=== INPUT RECORDS ===

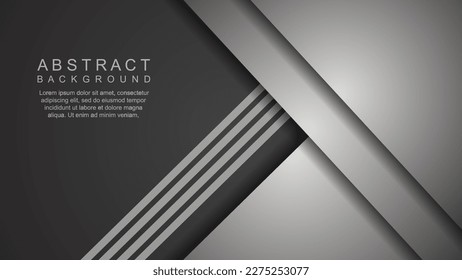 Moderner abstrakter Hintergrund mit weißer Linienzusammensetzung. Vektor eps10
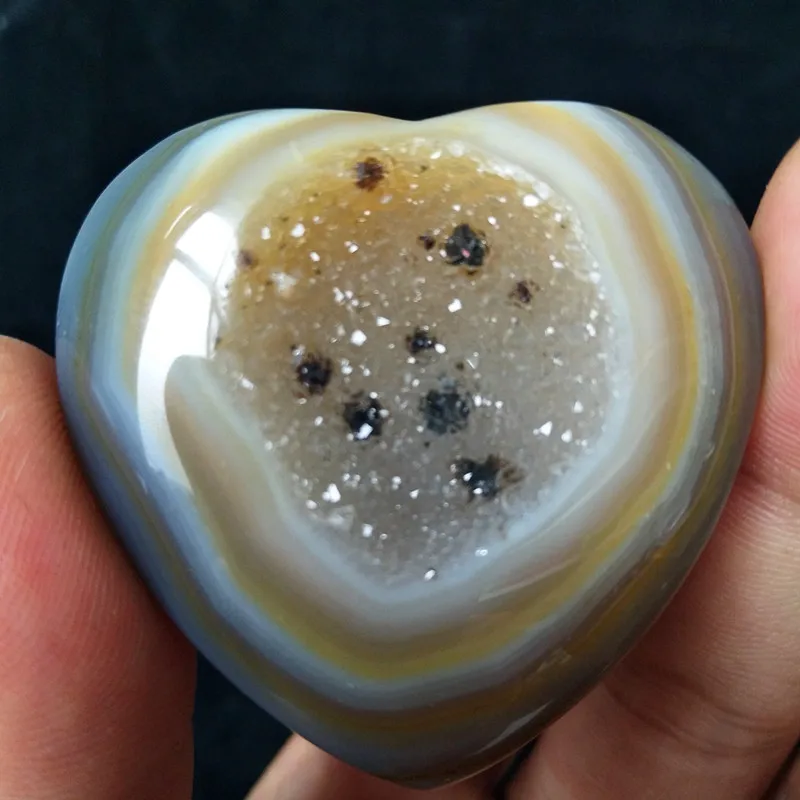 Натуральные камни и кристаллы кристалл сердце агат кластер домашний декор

===
=== INPUT RECORDS ===

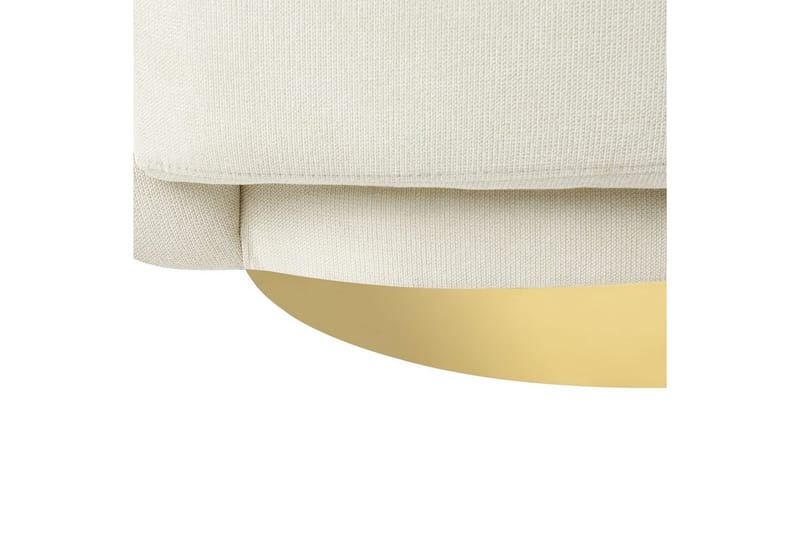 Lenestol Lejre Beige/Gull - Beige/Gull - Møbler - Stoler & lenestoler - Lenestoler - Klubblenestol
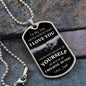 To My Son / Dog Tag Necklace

===
=== INPUT RECORDS ===

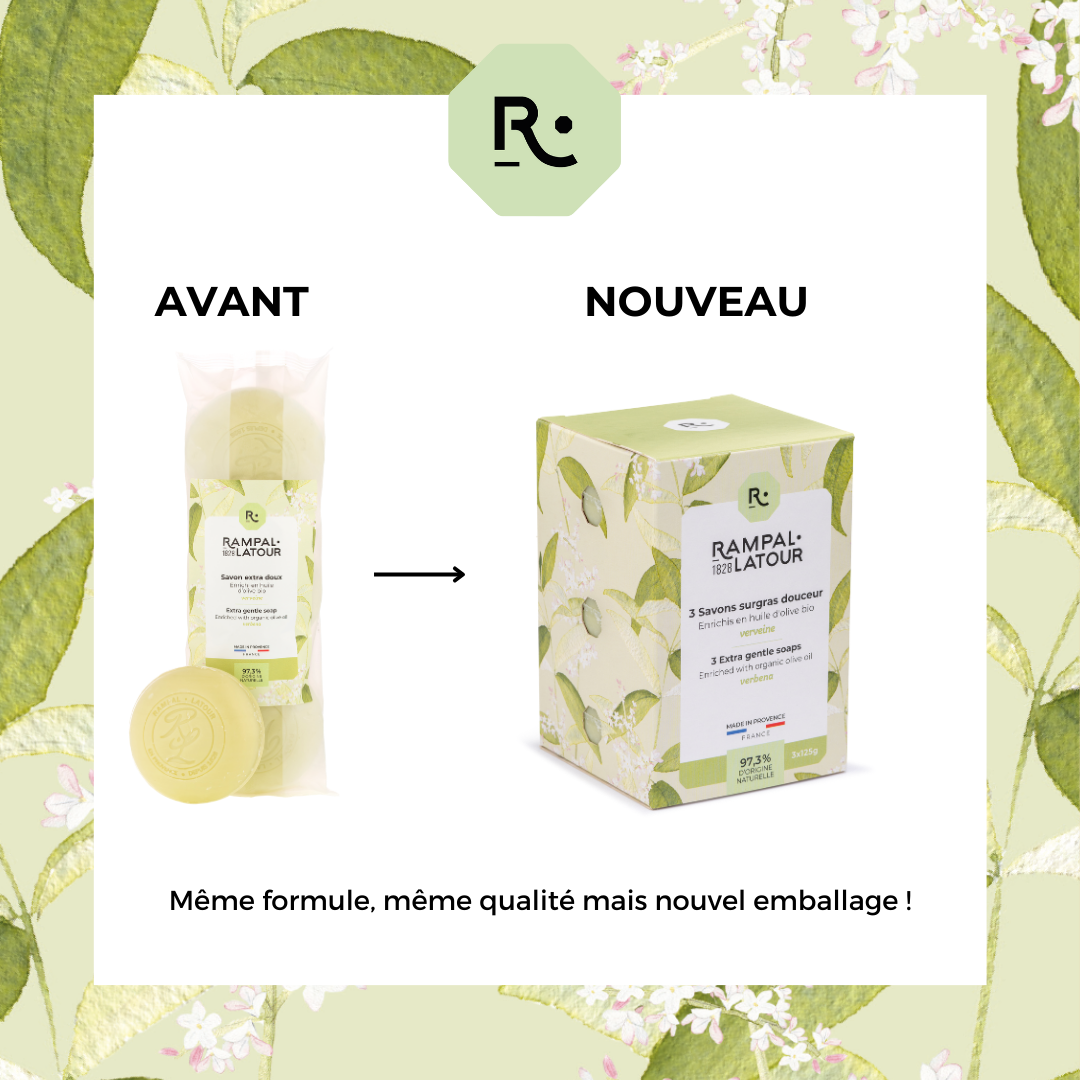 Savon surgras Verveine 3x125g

===

- WHAT IS EXPECTED: Using the records above, print exactly the lines between the ones containing "Moderner abstrakter Hintergrund" and "Натуральные камни и", inclusive, and nothing else; no pictures.

- RESULT BELOW:
 Moderner abstrakter Hintergrund mit weißer Linienzusammensetzung. Vektor eps10
 Натуральные камни и кристаллы кристалл сердце агат кластер домашний декор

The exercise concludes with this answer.